Denver di pepite ne ha avute, a partire da English e Vandeweghe, due fenomeni che portarono nel 1984-85 i Nuggets verso la finale di Conference, poi persa contro i Lakers con un sonoro 4-1. Da quel giorno lontano nel tempo, fino al 1991 con Mutombo, poi diventato grande con un’altra franchigia, i Nuggets non sono riusciti a trovare per sette anni un giocatore all’altezza di quei due ragazzi che fecero accarezzare il sogno di diventare Campioni all’intera città, così come neanche il giovanissimo e fortissimo centro dello Zaire non riuscì a fare.

Negli anni seguenti tanti campioni approdarono nella città ‘of the Plains‘, da Carmelo Anthony a Billups, passando per Allen Iverson e Ty Lawson, bissando addirittura nel 2008 lo stesso traguardo del 1984, quella final di Conference che si è conclusa con lo stesso risultato di 24 anni prima, contro la stessa squadra che li aveva eliminati allora, i Lakers.

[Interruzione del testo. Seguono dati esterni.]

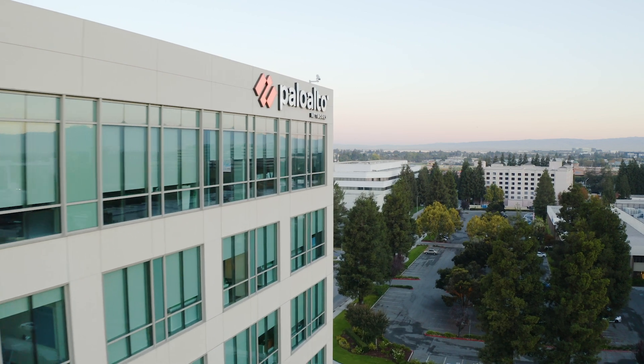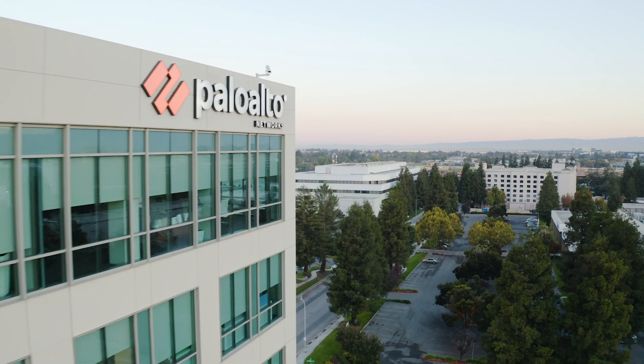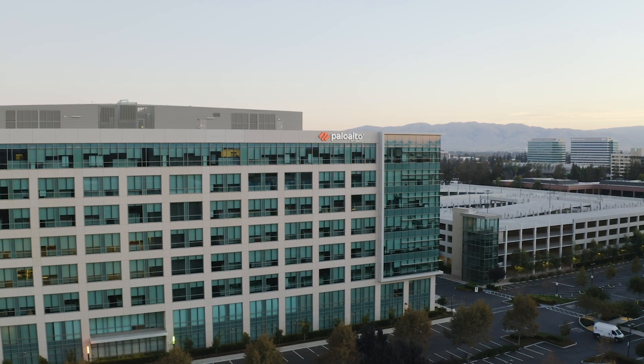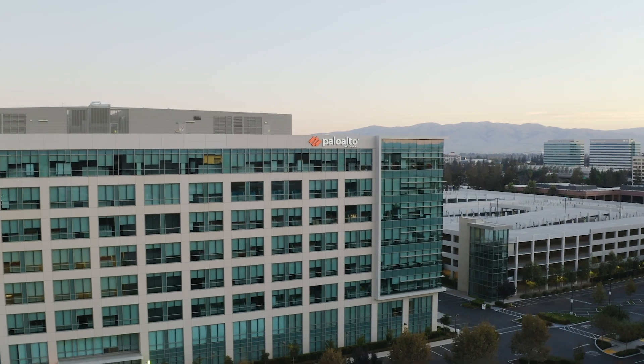We have a rich history of partnering with Palo Alto Networks. They have been able to evolve and develop lots of products that enable our customers to maintain the proper security profile on AWS and grow the workloads and the data they're storing on AWS over time, due to the confidence they have with the security that Palo Alto Networks is enabling them to create.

Adesso, dopo anni di purgatorio in cui non si capiva cosa fossero diventati i giocatori del Colorado, il roster sembra aver trovato un minimo di stabilità, con il ‘Gallo‘ che sarà il punto di riferimento dopo stagioni passate a combattere contro infortuni destabilizzanti, sia fisicamente che psicologicamente. Dovrà prendere il piccone per primo e cominciare a scavare nel fianco di una classifica NBA ultimamente troppo severa con il talento che la squadra possiede tra le sue linee, decisamente vogliose di riscatto.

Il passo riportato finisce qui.